She was Neti Davis, the New Zealand junior champion, who played in the test series against the touring Japanese world champions, Misses Kimiyo Matsuzaki and Kazuko Yamaizumi.

Neti, who is a prefect at the Hukerenui District High School, clinched her place in the New Zealand team with good performances in the national trials at Lower Hutt.

Although already the holder of many national titles, Neti seems destined for even greater honours.

It seems certain that she will be New Zealand champion within the next few years.

She created a great impression when she appeared against the Japanese players in their opening match of the tour at Whangarei.

Her one big weakness at present is her slowness around the table. She has well nigh perfect attacking and defending strokes on both forehand and backhand wings.

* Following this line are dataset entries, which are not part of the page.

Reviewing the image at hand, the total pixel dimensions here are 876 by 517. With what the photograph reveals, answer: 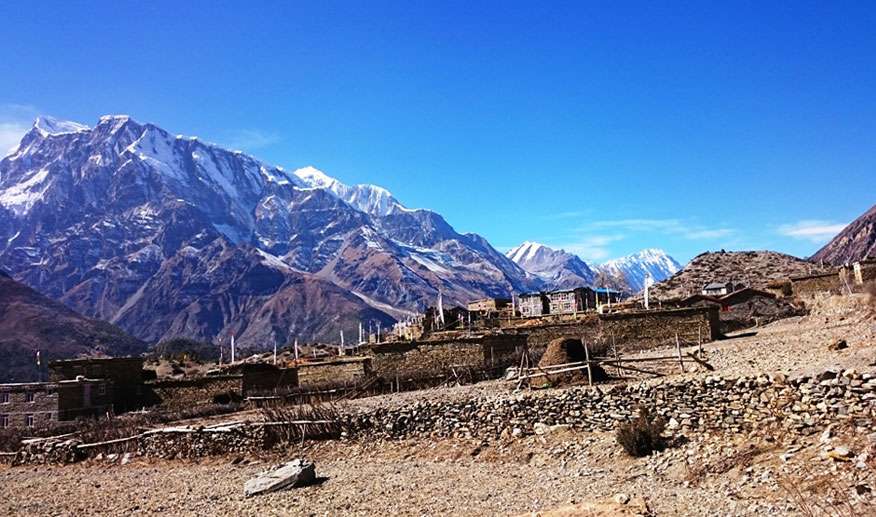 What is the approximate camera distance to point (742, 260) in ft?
225

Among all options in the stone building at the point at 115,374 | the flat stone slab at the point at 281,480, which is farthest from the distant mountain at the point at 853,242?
the flat stone slab at the point at 281,480

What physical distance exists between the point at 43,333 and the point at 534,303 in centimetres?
10468

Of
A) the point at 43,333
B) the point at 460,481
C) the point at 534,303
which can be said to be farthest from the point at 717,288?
the point at 43,333

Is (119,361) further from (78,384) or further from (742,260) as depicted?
(742,260)

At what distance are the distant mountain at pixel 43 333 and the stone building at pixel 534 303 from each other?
63338mm

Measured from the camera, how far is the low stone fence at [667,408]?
12.3 m

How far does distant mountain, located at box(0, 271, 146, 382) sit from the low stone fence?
85.9 m

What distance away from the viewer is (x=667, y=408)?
50.3 ft

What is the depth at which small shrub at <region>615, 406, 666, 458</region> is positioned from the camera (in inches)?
560

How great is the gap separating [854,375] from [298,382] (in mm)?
27502

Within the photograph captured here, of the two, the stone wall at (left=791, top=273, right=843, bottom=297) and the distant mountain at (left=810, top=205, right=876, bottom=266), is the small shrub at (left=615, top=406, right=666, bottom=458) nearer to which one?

She owes her successes to the keenness and ability of her grandfather-coach, Mr Lou Davis.

To date she has played in three national championships and on the last two occasions, mainly because of her successes, Northland has won the Arthur Meachen Memorial Cup for the association winning the most events.

Every time she has given the tournament officials constant headaches. By competing and winning through to the latter stages of under 16, under 18 and open events she caused many hold-ups.

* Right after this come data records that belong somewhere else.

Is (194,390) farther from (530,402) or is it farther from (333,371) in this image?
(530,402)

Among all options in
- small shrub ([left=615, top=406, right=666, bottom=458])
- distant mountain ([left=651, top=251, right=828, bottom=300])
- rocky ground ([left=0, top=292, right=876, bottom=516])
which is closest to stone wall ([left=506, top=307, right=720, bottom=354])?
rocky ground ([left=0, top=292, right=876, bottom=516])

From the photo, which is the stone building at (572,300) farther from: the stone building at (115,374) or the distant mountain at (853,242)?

At her first appearance in Lower Hutt in 1957 she won the New Zealand under 16 singles and the under 16 doubles. Although only 13, she still managed to reach the final of the open mixed doubles.

At Wellington in 1958 she took the under 18 and under 16 singles, the under 18 doubles and the open mixed doubles. Last year at Auckland she won the open mixed doubles again and retained both the junior singles titles as well as winning the under 16 girls' doubles.

Her play was of such a high standard during the season—she also won the Auckland, Waikato, North Shore and Northland open singles titles—that she was ranked No. 3 on the national ranking list at the end of the year.

No mention of Neti's successes can be made without reference to 76-year-old Lou Davis, her grandfather and mentor.

Mr Lou Davis is well known throughout the country as a champion for youth and Maoris in sport and for the well-being of the Maori race.

He still plays table tennis himself.

He is a life member of the Whangarei Table Tennis Association, the Whangarei Rugby Union and the Mid-Northern Lawn Tennis Association.

Next year he will be elected a life member of the Northland Table Tennis Association.

He has been associated with Maori football perhaps longer than anybody in New Zealand—since 1904 in fact.

That year he organised a team from St Stephens College and Three Kings to beat the Auckland B representatives.

Lou was playing for Parnell (“anywhere from five-eighths to fullback”) at the time. He had gone to Auckland to serve his apprenticeship as a car painter and to learn to play rugby.

Born at Taumarere (near Kawakawa), the son of Mr and Mrs Henare Davis (his mother was Ngarui Reweti), young Lou naturally trekked back to Northland after his sojourn in the city.

He started his real and lasting association with Northland rugby in 1912, the year he organised the first Northland Maori side.

He has been connected with the Whangarei union since those days and with the North Auckland Rugby Union since its formation more than 30 years ago.

He has been a Tai Tokerau selector since 1929. Nowadays he is as vitally interested and as active as ever in rugby matters, particularly where they pertain to Maoris.

Standing on his whakapara farm is a small galvanised iron shed which contains a table tennis outfit.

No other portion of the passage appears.